Together with insulin resistance as well as neurohumoral activation, such as enhanced catecholamine activity, the circulating free FA level and uptake into the myocardium are increased, exceeding the FA oxidation (FAO) capacity of the diabetic heart. The mismatch between FA uptake and FAO results in myocardial triglyceride accumulation, namely, lipotoxicity. In parallel with lipotoxicity, hyperglycemia causes glucotoxicity (including the accumulation of advanced glycation products), activation of the renin-angiotensin-aldosterone system (RAAS), and impairment of mitochondrial Ca2+ handling.11 These metabolic, neurohumoral, and ion homeostasis disorders under diabetic conditions induce oxidative stress, inflammation, and endoplasmic reticulum (ER) stress, as well as reducing ATP synthesis in the heart, all of which account for the impaired metabolic flexibility and Ca2+ handling, drifting into a vicious cycle (Figure). These pathophysiological abnormalities ultimately promote cardiomyocyte death, cardiac fibrosis, and hypertrophy, as well as microvascular dysfunction, leading to cardiac diastolic and systolic dysfunction.

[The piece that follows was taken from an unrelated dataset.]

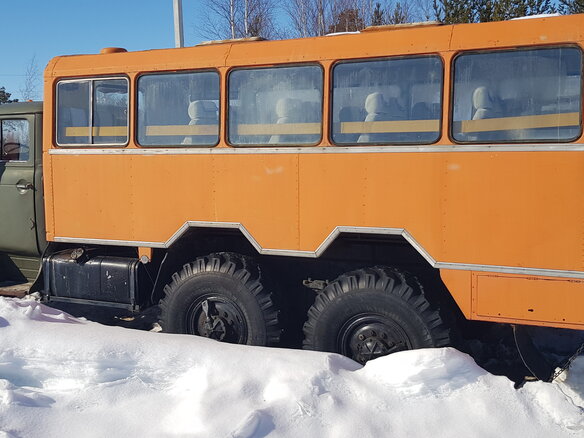 1986 Урал 375, зелёный, 1100000 рублей - вид 4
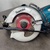 Makita Rear Handle Hypoid Circular Saw 5477NB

Considering the various pathophysiological mechanisms underlying the diabetic heart, as described above, the present study by Takeji et al2 supports the idea that revascularization is not the only strategy for preventing HF attributable to CAD with concomitant DM. Likewise, of particular interest is that DM was consistently associated with a higher risk of HF hospitalization than non-DM in their analysis, even including the effects of the current gold-standard optimal medical therapy, such as angiotensin-converting enzyme inhibitors/angiotensin-receptor blockers and mineralocorticoid-receptor antagonists.12 Clinicians should thus develop strategies with special consideration of the pathophysiology of the diabetic heart, in addition to the established conventional treatment for HF. Increasing attention has been focused on SGLT2 inhibitors as novel antidiabetic agents that reduce cardiovascular events, as shown in recent large clinical trials.13–15 Further studies will be needed in order to determine whether or not SGLT2 inhibitors reduce the long-term risk for HF hospitalization after coronary revascularization in DM subjects.